Das Flick-System orientiert sich grob an den Gedanken von Pep Guardiola
Düsseldorfs Erik Thommy drückte es nach dem 0:5 so aus. "Wir haben es auch nicht ganz schlecht gemacht, aber Bayern ist einfach eine andere Liga." Der Analyse konnte man folgen. Nun ist Düsseldorf natürlich Drittletzter und es kam in der Geschichte der Bundesliga nicht oft vor, dass ein Drittletzter auf Augenhöhe mit dem FC Bayern agiert hätte. Aber wenn man sich in die Lage von Düsseldorf versetzt - und damit stellvertretend für zwölf bis 13 Bundesligisten - dann fragt man sich schon, was sie eigentlich hätten besser machen sollen. Sie verteidigten ja schon mit allen Feldspielern. Und hielten trotzdem nicht stand.
Beim mittlerweile berühmten 3:3 im November 2018, als ein gewisser Dodi Lukebakio drei Treffer erzielte, konterte die Fortuna Bayern aus. Nun erstickt Flicks aggressives Gegenpressing aber nahezu jeden Gegenstoßversuch schon in der Entstehung. Und eine Bayern-Mannschaft, die nicht nur technisch besser, sondern auch noch galliger ist als der Gegner, wird schnell übermächtig. Und in dieser Sicherheit kombinieren sie auch eine solide stehende Abwehr einfach auseinander - wie beim 3:0. Das System orientiert sich grob an den Gedanken von Pep Guardiola und schon unter dem Katalanen waren Überraschungspunktgewinne von kleineren Teams gegen die Bayern mehr oder weniger abgeschafft.
Immerhin: Die nächsten Gegner der Bayern sind Leverkusen und Gladbach, denen ist zumindest Widerstand zuzutrauen und die die Hinrunden-Flick-Bayern besiegt haben.
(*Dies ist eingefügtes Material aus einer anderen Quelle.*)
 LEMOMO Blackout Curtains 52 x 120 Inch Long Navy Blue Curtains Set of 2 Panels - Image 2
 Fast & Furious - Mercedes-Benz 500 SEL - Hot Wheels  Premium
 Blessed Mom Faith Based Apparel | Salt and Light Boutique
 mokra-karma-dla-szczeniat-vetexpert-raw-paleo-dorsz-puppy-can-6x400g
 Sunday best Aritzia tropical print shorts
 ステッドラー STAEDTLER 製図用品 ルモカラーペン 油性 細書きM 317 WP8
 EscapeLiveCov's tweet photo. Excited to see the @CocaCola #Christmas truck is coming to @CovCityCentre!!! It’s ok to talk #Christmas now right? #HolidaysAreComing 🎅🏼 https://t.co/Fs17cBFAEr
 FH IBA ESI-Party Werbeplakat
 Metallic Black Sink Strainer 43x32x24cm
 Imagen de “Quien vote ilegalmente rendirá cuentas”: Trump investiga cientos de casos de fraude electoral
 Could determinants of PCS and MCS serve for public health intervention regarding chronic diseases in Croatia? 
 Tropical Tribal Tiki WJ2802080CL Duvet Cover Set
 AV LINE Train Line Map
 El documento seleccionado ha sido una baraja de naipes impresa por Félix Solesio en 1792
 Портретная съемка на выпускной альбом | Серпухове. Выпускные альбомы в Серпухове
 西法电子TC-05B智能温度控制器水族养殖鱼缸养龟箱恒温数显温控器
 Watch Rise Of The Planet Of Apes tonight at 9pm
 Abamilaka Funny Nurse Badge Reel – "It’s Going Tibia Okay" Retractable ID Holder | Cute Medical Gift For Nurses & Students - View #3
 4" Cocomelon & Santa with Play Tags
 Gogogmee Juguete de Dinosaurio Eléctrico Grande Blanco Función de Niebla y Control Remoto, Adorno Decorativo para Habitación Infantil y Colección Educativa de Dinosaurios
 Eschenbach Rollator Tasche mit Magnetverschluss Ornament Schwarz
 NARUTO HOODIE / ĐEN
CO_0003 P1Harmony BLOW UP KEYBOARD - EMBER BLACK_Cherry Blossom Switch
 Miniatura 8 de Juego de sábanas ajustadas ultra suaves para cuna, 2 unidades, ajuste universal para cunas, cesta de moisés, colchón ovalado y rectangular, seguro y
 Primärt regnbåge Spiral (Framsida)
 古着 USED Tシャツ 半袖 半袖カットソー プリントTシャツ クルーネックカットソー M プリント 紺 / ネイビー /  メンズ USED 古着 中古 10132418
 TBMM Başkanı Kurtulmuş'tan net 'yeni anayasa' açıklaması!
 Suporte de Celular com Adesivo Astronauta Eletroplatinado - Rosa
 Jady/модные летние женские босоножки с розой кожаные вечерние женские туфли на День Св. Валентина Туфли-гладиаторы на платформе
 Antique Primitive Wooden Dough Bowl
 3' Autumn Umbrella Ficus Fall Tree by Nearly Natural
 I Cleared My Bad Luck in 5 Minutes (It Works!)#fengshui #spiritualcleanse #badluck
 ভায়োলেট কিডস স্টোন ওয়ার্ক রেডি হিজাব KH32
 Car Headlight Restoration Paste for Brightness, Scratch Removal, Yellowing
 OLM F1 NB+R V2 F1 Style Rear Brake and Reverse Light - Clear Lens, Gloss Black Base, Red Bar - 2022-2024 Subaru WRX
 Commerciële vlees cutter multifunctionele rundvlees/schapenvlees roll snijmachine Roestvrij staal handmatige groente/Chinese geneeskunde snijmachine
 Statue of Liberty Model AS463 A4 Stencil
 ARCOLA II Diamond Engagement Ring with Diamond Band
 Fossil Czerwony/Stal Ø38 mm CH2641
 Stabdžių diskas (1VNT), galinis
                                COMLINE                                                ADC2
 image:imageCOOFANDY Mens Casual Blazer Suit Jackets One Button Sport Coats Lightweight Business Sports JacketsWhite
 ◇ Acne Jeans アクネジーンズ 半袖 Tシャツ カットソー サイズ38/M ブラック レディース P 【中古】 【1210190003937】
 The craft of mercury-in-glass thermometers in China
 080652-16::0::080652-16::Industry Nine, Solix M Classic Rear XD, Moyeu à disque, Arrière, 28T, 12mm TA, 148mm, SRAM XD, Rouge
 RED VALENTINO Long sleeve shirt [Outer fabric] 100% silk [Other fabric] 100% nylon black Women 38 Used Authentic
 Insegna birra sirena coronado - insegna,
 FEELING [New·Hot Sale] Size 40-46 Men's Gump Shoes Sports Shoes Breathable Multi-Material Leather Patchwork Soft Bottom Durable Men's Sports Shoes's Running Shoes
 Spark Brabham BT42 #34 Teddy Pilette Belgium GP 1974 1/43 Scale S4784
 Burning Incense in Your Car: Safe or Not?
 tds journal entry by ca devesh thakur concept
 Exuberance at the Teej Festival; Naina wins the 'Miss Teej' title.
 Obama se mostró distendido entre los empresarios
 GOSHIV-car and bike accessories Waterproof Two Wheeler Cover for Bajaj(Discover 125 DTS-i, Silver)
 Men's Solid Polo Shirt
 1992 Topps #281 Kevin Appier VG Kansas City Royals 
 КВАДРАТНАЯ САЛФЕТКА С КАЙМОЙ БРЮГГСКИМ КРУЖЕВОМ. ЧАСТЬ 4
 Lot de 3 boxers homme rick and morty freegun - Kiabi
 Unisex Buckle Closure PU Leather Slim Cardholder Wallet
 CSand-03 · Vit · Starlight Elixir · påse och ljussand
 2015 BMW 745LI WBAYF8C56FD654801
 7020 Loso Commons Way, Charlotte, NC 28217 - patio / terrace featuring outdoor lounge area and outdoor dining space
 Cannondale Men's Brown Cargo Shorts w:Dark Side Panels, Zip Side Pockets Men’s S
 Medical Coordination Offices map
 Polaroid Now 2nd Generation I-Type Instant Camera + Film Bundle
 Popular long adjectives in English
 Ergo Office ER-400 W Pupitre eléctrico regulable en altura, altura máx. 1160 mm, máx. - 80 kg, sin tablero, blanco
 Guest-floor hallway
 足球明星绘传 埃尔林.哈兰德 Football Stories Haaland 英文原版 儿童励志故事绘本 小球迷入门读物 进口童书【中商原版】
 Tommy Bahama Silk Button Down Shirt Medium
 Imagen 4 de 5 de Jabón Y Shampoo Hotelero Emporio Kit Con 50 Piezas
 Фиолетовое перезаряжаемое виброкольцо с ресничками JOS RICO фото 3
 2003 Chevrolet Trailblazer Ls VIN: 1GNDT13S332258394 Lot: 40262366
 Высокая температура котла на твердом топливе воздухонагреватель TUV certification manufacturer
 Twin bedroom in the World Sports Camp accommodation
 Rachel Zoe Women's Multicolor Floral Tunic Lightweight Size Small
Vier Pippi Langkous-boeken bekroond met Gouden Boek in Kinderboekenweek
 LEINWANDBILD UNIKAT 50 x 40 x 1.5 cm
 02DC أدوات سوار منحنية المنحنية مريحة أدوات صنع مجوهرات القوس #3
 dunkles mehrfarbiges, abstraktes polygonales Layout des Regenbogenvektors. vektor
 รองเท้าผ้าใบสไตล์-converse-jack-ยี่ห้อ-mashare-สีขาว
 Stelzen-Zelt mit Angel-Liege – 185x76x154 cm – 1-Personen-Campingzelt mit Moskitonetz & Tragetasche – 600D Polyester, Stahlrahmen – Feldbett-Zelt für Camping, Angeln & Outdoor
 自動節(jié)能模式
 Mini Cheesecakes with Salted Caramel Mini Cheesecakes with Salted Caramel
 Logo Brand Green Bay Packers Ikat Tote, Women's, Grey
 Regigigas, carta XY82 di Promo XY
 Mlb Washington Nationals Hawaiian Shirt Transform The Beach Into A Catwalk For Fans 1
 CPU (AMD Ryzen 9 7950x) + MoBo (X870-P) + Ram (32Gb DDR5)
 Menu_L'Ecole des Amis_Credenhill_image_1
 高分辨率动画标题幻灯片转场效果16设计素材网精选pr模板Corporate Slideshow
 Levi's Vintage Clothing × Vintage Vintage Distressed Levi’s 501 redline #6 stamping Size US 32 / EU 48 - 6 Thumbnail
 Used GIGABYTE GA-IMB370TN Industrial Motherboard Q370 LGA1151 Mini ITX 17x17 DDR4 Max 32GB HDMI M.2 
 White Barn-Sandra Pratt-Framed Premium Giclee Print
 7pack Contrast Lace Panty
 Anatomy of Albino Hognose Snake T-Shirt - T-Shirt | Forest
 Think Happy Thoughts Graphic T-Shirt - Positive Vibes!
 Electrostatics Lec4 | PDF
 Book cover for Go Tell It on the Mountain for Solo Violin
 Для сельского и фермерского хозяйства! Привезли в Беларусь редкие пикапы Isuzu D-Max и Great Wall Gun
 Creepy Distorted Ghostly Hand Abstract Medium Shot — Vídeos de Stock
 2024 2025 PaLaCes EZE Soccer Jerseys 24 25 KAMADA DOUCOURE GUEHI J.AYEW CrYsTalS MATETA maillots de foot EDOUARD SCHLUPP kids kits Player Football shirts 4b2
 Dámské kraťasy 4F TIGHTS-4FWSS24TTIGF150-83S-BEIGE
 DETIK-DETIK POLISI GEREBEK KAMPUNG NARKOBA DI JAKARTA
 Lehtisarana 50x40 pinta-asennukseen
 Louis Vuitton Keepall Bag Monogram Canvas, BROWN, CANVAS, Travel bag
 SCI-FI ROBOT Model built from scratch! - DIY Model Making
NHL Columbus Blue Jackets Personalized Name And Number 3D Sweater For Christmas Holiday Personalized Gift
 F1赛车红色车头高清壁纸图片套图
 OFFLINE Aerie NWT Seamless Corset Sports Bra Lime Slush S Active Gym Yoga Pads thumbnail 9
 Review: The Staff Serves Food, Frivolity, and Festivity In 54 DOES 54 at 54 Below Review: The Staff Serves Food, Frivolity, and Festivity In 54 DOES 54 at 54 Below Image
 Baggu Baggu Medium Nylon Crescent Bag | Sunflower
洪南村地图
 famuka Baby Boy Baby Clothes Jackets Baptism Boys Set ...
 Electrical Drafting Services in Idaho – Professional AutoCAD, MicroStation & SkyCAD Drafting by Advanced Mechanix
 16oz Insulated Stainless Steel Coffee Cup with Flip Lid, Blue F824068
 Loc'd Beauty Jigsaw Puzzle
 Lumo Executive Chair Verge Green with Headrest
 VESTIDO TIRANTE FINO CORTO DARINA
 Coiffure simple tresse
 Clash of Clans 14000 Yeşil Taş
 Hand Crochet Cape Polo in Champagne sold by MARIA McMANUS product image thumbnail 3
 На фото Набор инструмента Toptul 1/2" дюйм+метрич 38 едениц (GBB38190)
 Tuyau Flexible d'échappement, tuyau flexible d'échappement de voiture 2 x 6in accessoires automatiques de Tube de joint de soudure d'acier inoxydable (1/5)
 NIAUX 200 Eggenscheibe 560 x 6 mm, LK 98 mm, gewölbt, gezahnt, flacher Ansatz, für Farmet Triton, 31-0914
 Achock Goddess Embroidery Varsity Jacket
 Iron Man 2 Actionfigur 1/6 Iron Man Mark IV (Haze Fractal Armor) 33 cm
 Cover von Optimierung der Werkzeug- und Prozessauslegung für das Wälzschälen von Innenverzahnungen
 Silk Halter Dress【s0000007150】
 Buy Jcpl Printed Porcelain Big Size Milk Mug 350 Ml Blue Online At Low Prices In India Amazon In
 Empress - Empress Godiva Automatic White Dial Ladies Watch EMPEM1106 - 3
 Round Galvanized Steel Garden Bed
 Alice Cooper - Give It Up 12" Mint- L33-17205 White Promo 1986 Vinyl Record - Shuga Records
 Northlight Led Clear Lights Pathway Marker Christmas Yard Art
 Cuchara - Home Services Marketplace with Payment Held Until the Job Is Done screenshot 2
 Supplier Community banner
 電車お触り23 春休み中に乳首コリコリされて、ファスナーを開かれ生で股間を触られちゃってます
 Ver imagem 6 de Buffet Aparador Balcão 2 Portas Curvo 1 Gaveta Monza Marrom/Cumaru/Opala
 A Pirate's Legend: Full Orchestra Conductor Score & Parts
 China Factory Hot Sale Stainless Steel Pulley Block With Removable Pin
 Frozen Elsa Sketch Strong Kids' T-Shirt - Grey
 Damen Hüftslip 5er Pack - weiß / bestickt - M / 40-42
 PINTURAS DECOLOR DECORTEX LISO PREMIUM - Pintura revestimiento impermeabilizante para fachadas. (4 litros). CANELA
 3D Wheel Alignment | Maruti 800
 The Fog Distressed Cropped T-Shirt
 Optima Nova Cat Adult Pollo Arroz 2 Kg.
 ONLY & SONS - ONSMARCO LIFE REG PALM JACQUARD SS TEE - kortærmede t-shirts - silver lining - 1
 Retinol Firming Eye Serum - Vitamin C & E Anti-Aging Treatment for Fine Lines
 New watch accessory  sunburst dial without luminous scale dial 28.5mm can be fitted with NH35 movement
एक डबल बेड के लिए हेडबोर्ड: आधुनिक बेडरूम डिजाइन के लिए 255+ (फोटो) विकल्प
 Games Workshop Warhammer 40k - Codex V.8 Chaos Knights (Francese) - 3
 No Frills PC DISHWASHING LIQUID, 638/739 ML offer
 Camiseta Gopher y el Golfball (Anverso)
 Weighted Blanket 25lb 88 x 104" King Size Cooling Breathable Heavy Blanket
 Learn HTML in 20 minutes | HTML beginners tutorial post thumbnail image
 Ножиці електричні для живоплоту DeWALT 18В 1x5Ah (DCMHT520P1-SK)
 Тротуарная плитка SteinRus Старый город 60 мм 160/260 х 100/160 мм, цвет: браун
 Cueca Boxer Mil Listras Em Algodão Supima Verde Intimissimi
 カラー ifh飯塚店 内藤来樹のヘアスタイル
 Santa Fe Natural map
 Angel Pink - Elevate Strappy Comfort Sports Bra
Aber selbst wenn der FC Bayern beide Spiele verlieren sollte, hätten sie ja bei optimaler Punktausbeute von Borussia Dortmund immer noch einen Zähler Vorsprung. Die neue Bundesliga-Saison, die ja wieder bei Null beginnt, soll übrigens nach ersten Meldungen im September starten. Vielleicht wird der FC Bayern mit Leroy Sané antreten, vielleicht auch nicht. Die Erkenntnis der vergangenen Wochen ist aber, dass das womöglich gar nicht so entscheidend ist.